_Input for this task:_
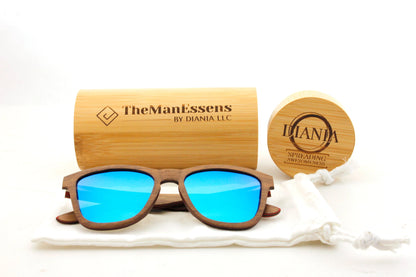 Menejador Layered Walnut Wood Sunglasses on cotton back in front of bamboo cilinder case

* * *

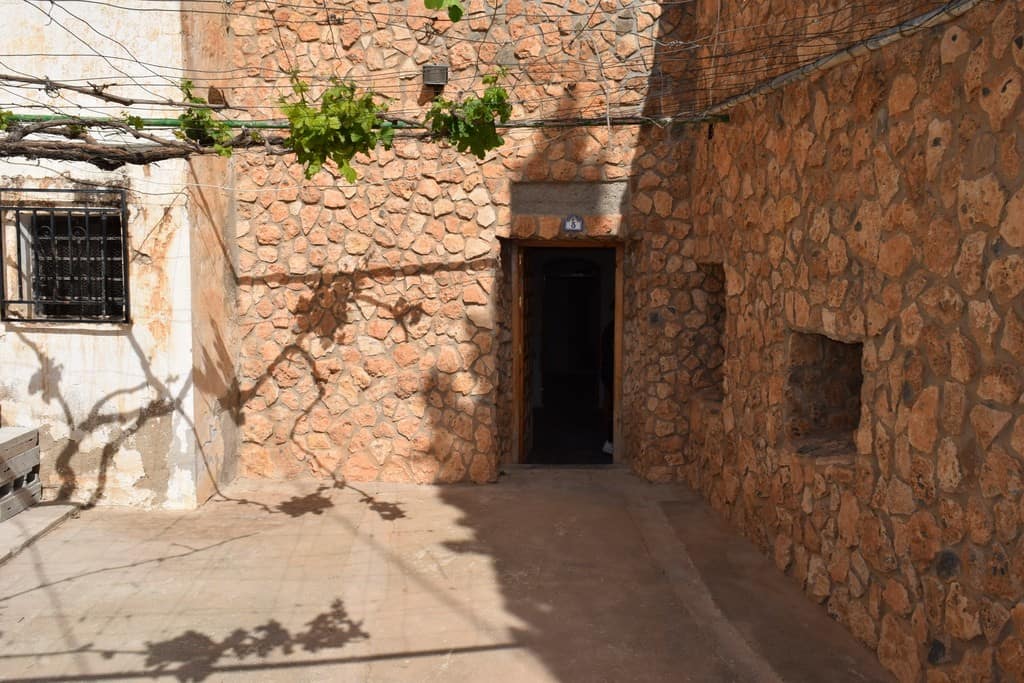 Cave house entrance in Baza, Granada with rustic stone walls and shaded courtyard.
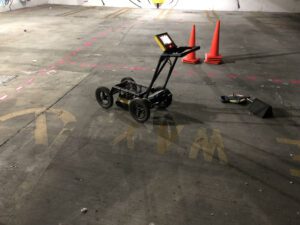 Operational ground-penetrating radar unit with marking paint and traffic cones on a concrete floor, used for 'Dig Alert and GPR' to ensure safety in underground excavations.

_Work order:_ Print nothing except the lines above from the one containing "Cave house entrance" down to the one containing "Operational ground-penetrating radar", both included, exactly as written and free of pictures.

_Exercise answer:_
 Cave house entrance in Baza, Granada with rustic stone walls and shaded courtyard.
 Operational ground-penetrating radar unit with marking paint and traffic cones on a concrete floor, used for 'Dig Alert and GPR' to ensure safety in underground excavations.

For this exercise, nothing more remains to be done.